In my previous blog post (i.e. RPA Claim Processing - Part 2: Simple OCR), we have learn how to use the built-in Simple OCR to read printed text from a PDF form. This helps us to process all inbox pdf and categorize the documents to different claim categories.
Let us take a step further, instead of OCR the printed form title, if we use the same technique to OCR a PDF that is filled with handwritting, we will come to realize the Simple OCR is having difficulty to get the right recognition of handwritting for us.
The results of the Simple OCR i have tested are shown in the below captures (i.e. using PDF, Image, and Cropped Image). Take note of the Preview results, the result is somehow unpredictable and unexpected.
Figure 1: Simple OCR with PDF
Figure 2: Simple OCR with JPG Image
Figure 3: Simple OCR with Cropped JPG Image
Google Vision API
Google Vision API can detect and transcribe text from PDF and TIFF files stored in Google Cloud Storage (i.e. Google Cloud Vision API ). Unfortunately, as our users concern about having to save the entire PDF files in Google Cloud Storage, we are going to convert the PDF to Image file, and take each of the "input field" of the document to be sent to Google Vision API. Google Cloud Vision API takes base64 image for OCR purpose, there is no need for us to save the Image/PDF to the Cloud Storage. By OCR input field by field, it minimizes the effort to parse data that is for the entire document.
While testing on Google Vision API, I come to realize Mathias Balslow @mbalslow of Foxtrot Alliance has already shared a great post on How-To Use Google Cloud Vision API (OCR & Image Analysis), without reinventing the wheel, we can simply follow what was shared by Mathias on how to setup and use Google Vision API.

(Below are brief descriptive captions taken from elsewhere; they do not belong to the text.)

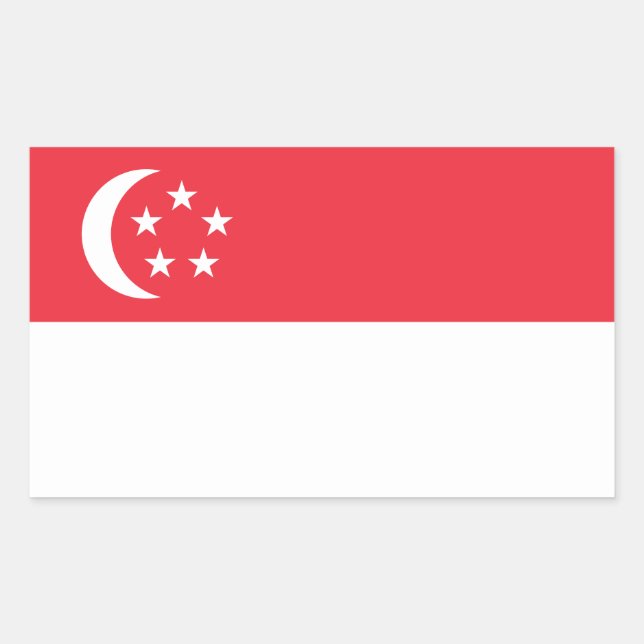 Singapore Flag Sticker (Front)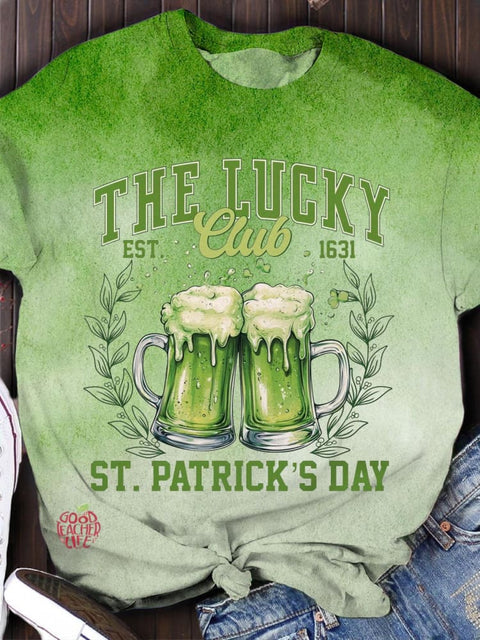 The Lucky Club Crew Neck T-shirt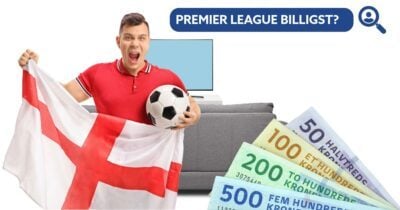 Hvor kan du se Premier League billigst?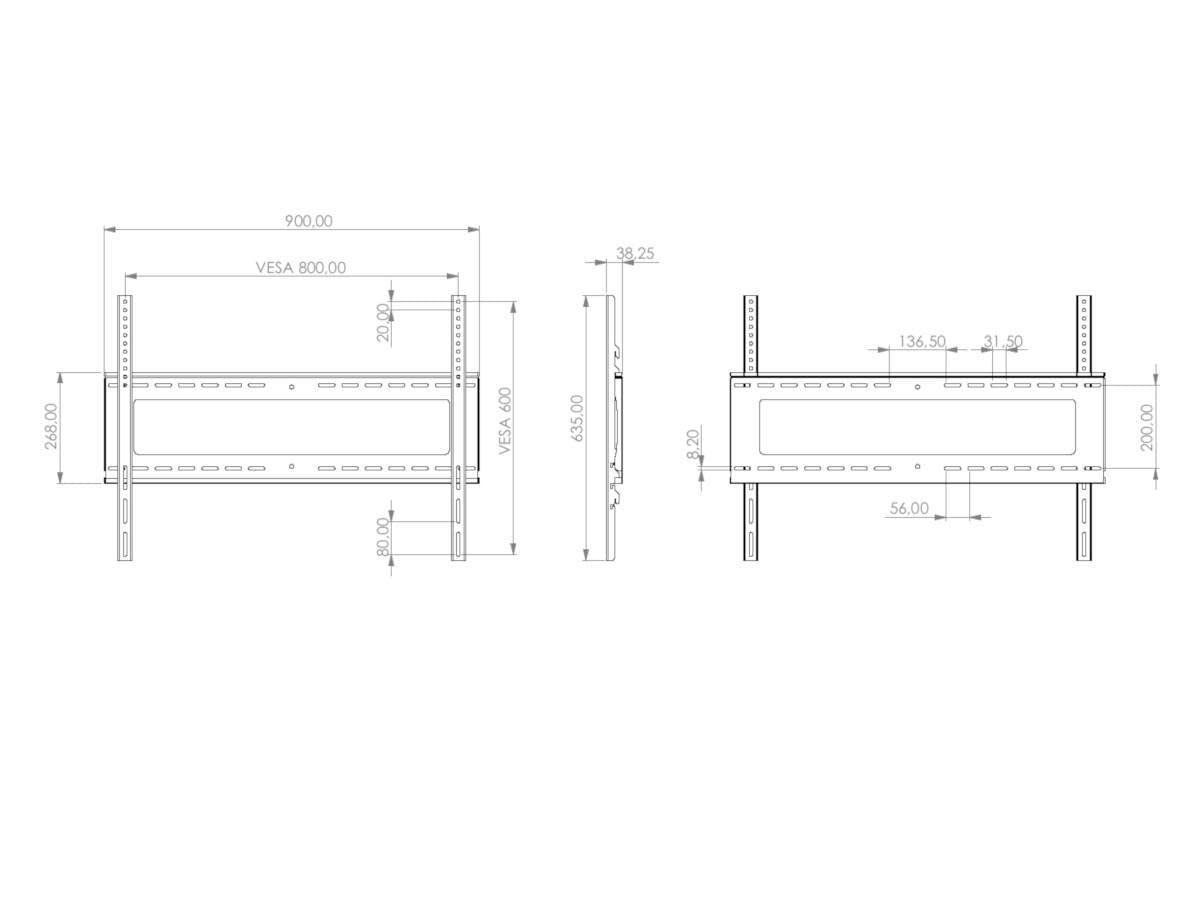 TV-Wandhalterung für 42-100 Zoll Fernseher, Monitor, TV & Digitale Whiteboards schwarz - Universal Fernsehhalterung (abschließbar) - Wand-Halterung & Wandhalter flach für Touch Displays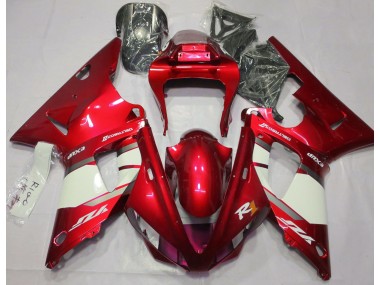 00-01 Feuerrot & Weiß R1 Motorrad Verkleidung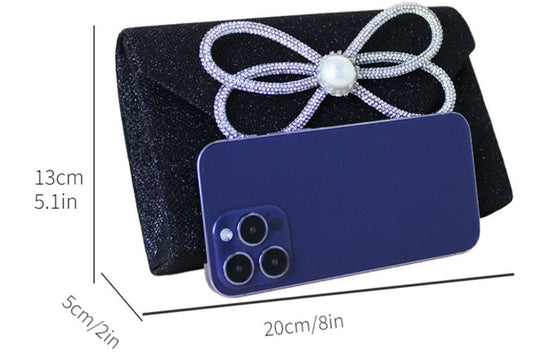 Women's Dinner Clutch Diamond Flip Square Bag Party Fashion - Dana Fashion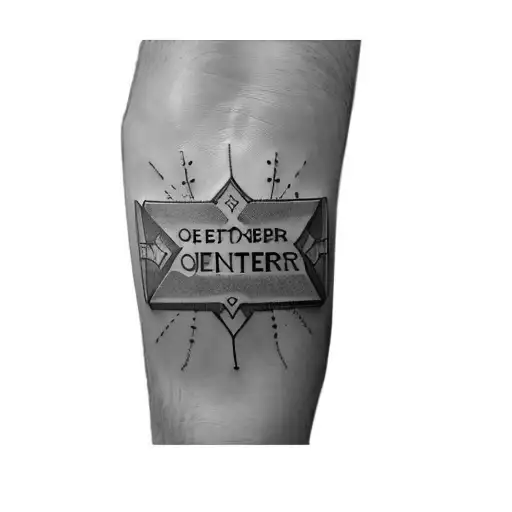 A Metal Plate With The Word September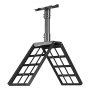 Uchwyt VEVOR Starlink Gen 3, 900x200x380 mm, regulowany uchwyt dachowy 45°-135°, z zestawem akcesoriów montażowych, wytrzymały adapter stalowy, rura łącząca 250 mm, kompatybilny z Gen 3 i V3, czarny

I will be attaching my script on my testing in this article later, but without the iteration part. Below are the steps of my script:
- Create a list of "Input Fields" to be OCR
- Open the Image file and saved it to duplicate the file as current <fieldname.jpg>.
- Open the <fieldname.jpg>
- Crop the image to the area representing the input field
- use the REST action to send the <fieldname.jpg> to Google Cloud Vision API endpoint.
Here is the cropped image of my Fullname field:
The Google Cloud Vision API returns the result that is very promissing to me, the returned result includes the blurry/noised field label in my case (i.e. Insured Member (Emplyee)), and the handwritten full name. The result in json format as summarized below:
{ "responses": { "textAnnotations":e { "locale":"en", "description":"Insured Member (Employee)GAN KOK KOON", "boundingPoly":{...} }, { "description":"Insured", "boundingPoly":{...} }, { "description":"Member", "boundingPoly":{...} }, { "description":"(Employee)", "boundingPoly":{...} }, { "description":"GAN", "boundingPoly":{...} }, { "description":"KOK", "boundingPoly":{...} }, { "description":"KOON", "boundingPoly":{...} } ], "fullTextAnnotation":{ "pages": ...], "text":"Insured Member (Employee)GAN KOK KOON" } } ]}
With the returned result above, it makes the parsing much easier compared to if the result consists of data of the entire document.
Up to the current stage, you might be wondering do I have to get every single machine with the capability to convert the PDF to image, or if every bots we have, to categorize the documents for processing, I will be sharing and discussing on bots deployment options for the Claim Process. After that I am also planning to revisit our python code to further explore how we can overcome the challenges on parsing the return result of Google Vision API.